Exercise directions :: The lines to transcribe begin with the one containing "52 Hidden Valley" and end with the last line below; reproduce them exactly, without the pictures.
Segment Open
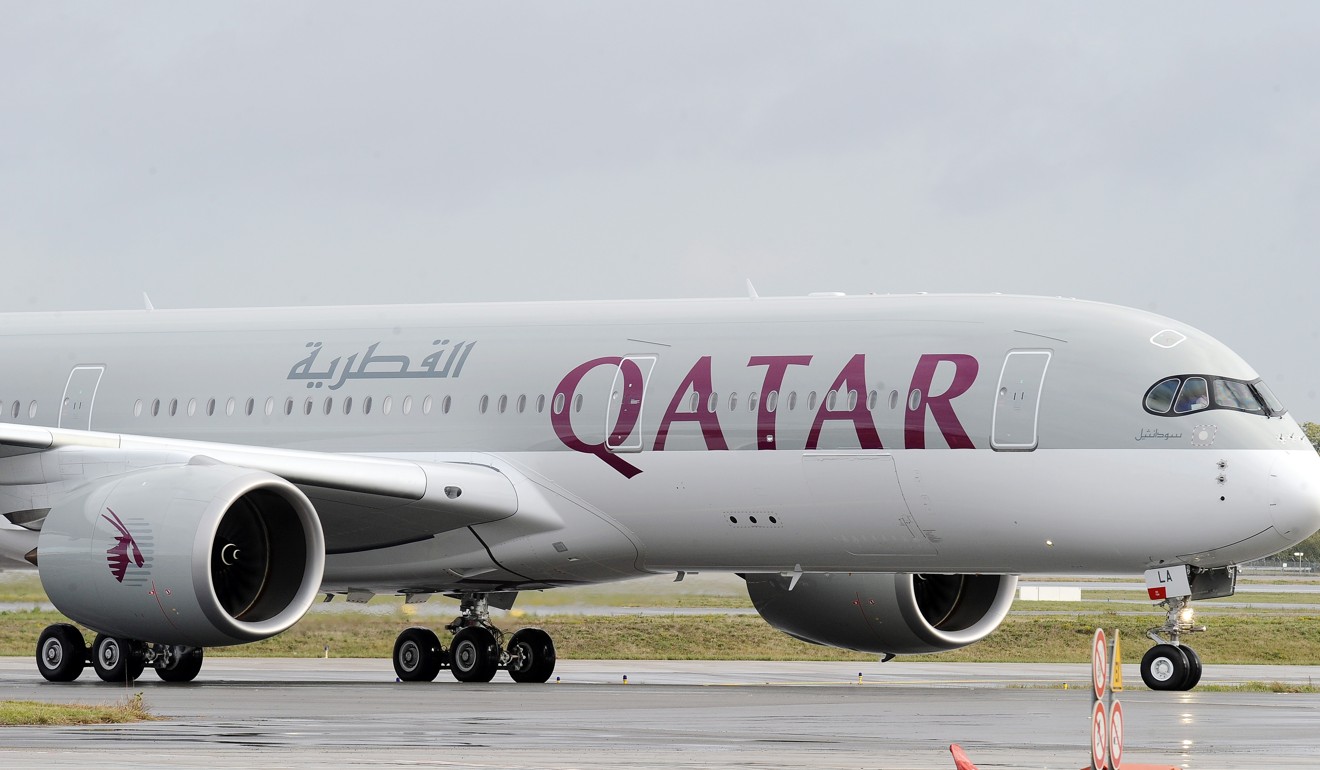 A photo taken on December 11, 2014 shows the first Airbus A350 bearing the Qatar airline company logo on the tarmac of Toulouse Blagnac airport, southwestern France. Photo: AFP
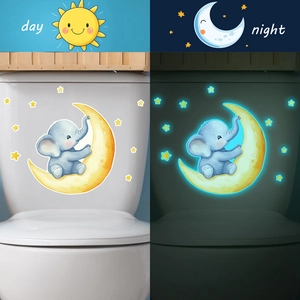 Luminous cartoon elephant and moon wall stickers showing day and night glow effects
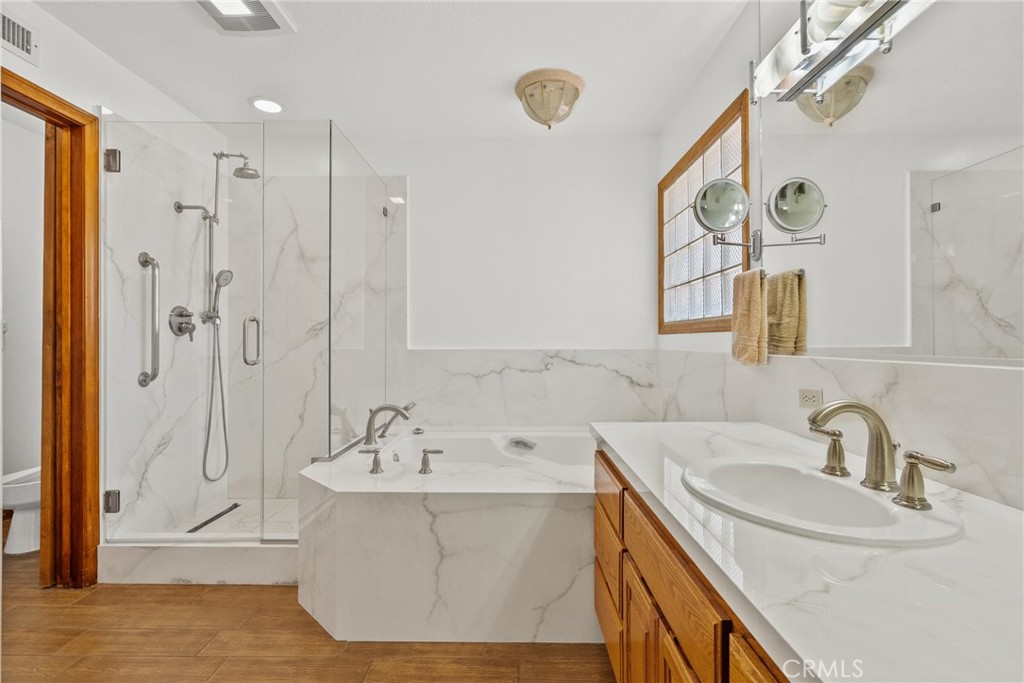 52 Hidden Valley Road Monrovia, CA 91016 - Photo 36 of 55 a bathroom with a sink and a mirror
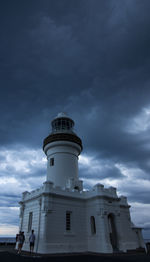 Lighthouse against sky at night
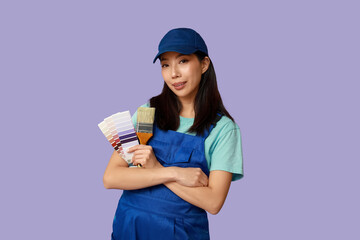 Female Asian painter with brush and paint color palettes on purple background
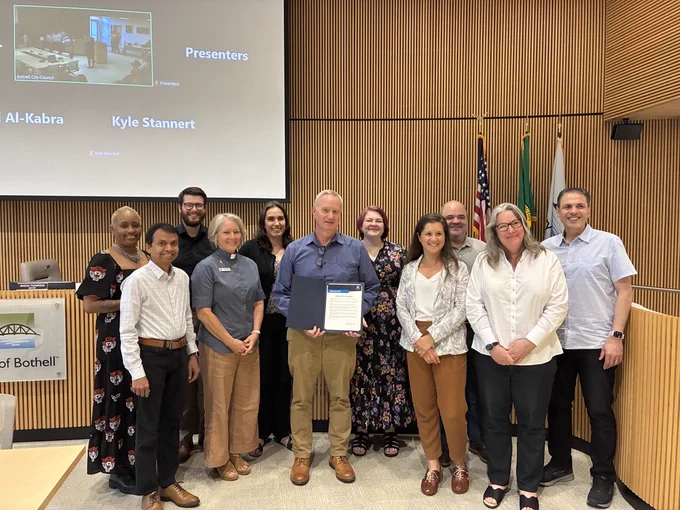 A group of people post for a picture in Bothell City Hall Council Chambers. One person in the center holds a proclamation. 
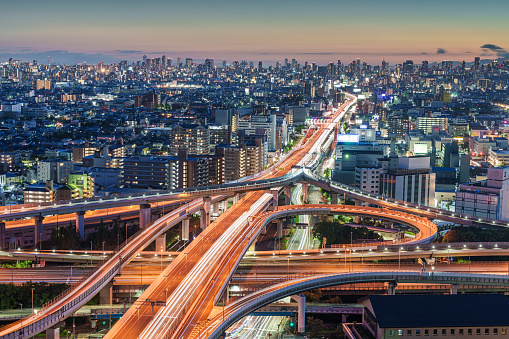 East Osaka, Japan with junctions and highways at dusk.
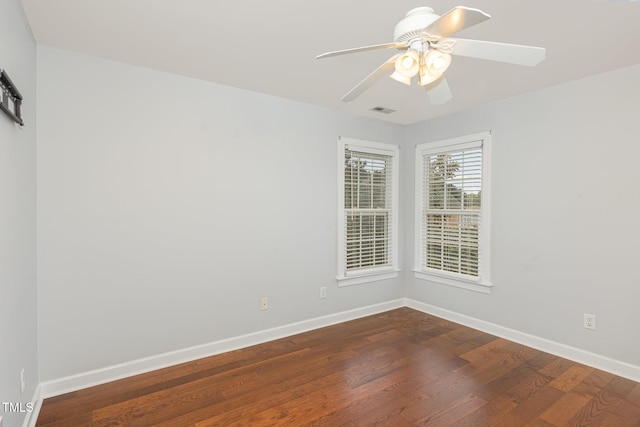 6020 Jones Farm Rd, Wake Forest, NC 27587 - empty room featuring dark wood-type flooring, baseboards, and a ceiling fan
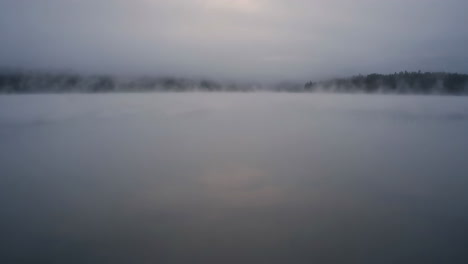 misty morning over a lake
Segment Closed
Finished task ::
 52 Hidden Valley Road Monrovia, CA 91016 - Photo 36 of 55 a bathroom with a sink and a mirror
 Lighthouse against sky at night
 Female Asian painter with brush and paint color palettes on purple background
 A group of people post for a picture in Bothell City Hall Council Chambers. One person in the center holds a proclamation. 
 East Osaka, Japan with junctions and highways at dusk.
 6020 Jones Farm Rd, Wake Forest, NC 27587 - empty room featuring dark wood-type flooring, baseboards, and a ceiling fan
 misty morning over a lake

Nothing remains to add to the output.